§ **WHAT NEEDS TO BE DONE**: Search the records that follow and extract every line containing the string "Photo".

§ **EXERCISE DATA**:
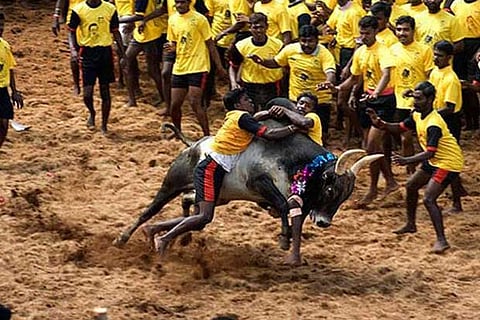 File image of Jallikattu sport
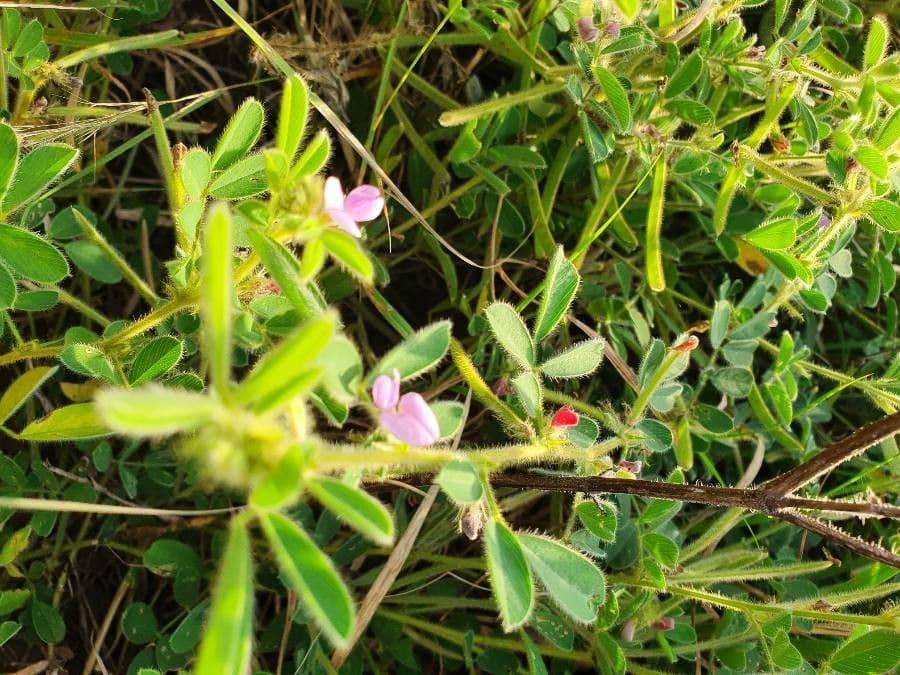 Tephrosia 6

* * *

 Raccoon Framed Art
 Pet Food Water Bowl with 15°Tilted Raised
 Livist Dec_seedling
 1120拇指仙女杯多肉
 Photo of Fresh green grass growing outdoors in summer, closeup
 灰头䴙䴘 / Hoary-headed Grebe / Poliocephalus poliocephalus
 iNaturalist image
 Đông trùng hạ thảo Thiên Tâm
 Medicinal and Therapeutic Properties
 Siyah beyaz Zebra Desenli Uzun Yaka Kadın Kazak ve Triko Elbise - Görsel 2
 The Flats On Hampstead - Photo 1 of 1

--

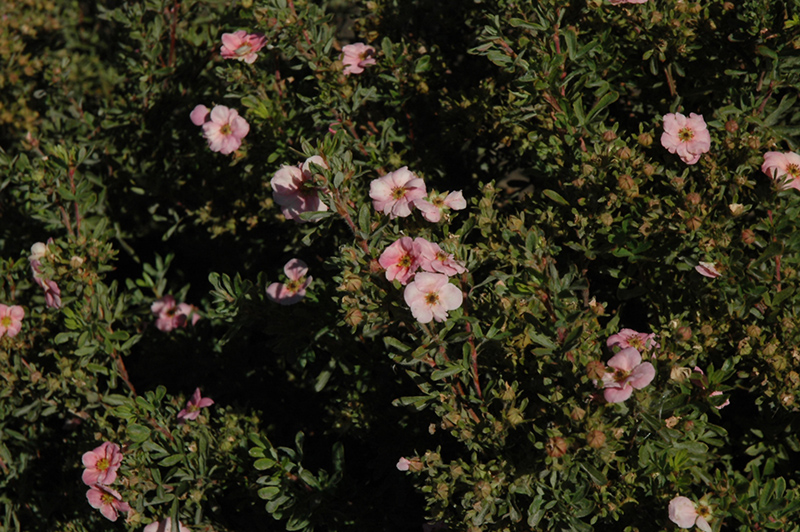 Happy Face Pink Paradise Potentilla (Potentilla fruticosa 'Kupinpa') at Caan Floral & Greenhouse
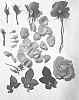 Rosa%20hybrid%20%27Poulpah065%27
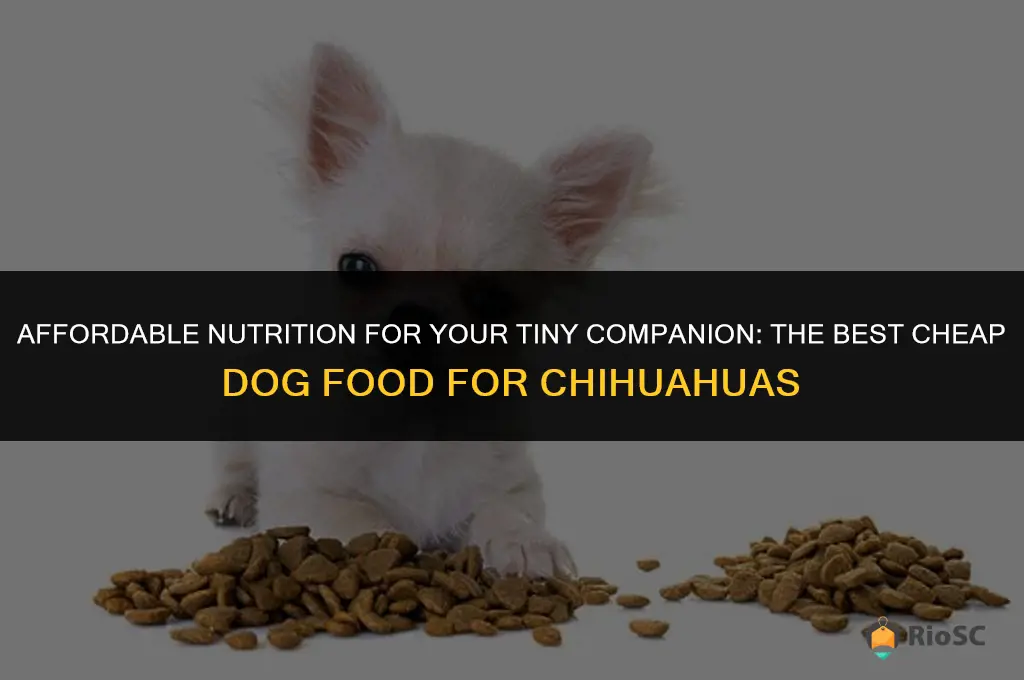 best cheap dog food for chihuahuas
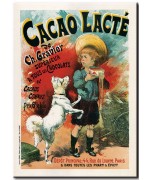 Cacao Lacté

§ **RESPONSE TO THE TASK**:
 Photo of Fresh green grass growing outdoors in summer, closeup
 The Flats On Hampstead - Photo 1 of 1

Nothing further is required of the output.